「小論文を学ぶ」 (長尾達也著、山川出版社 、2001年、1,200円・税別)をご紹介します。この本は大学受験の小論文の参考書ですが、現代人の「考えるための知的道具」を簡潔に解説している大変優れた本です。
はっきり言って、高校生よりも大人にとって難しい本です。なぜなら、社会に出てから要求されることは「わかりやすいこと」ばかりだからです。
先日、このブログでも「『わかりやすい』という危うさ」という題で書いたように、ビジネスの現場では何もかもがわかりやすくなければならない、という暗黙の掟があります。

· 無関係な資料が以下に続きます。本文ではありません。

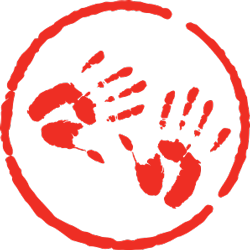 Two Hands Logo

しかし、すべてのビジネスが単純な原理原則だけで動いているとは限りません。したがって、わかりやすいことそれ自体が危ういのではなく、わかりやすくするために大切なことを切り捨てしまうことが危ういのです。
そして・・・
その表現は難しいからもっと簡単にしてください。
ひと目でわかるように簡単な図形で表現してください。
それはズバリ一言でいえばどうなりますか?
・・・こうした「思考の切り捨て」をビジネススキルと称して講義している研修講師のなんと多いことでしょう(私もその一人かもしれませんが)。
さて、この本を読み始めて数日経ちましたが、ほとんど進んでいません。難しいというより、読みながら考えさせられてしまうからです。
深く考えるということが、これほどしんどいとは思いませんでしたが、思考力は確実に鍛えられています。本書をご一読されることをお勧めします。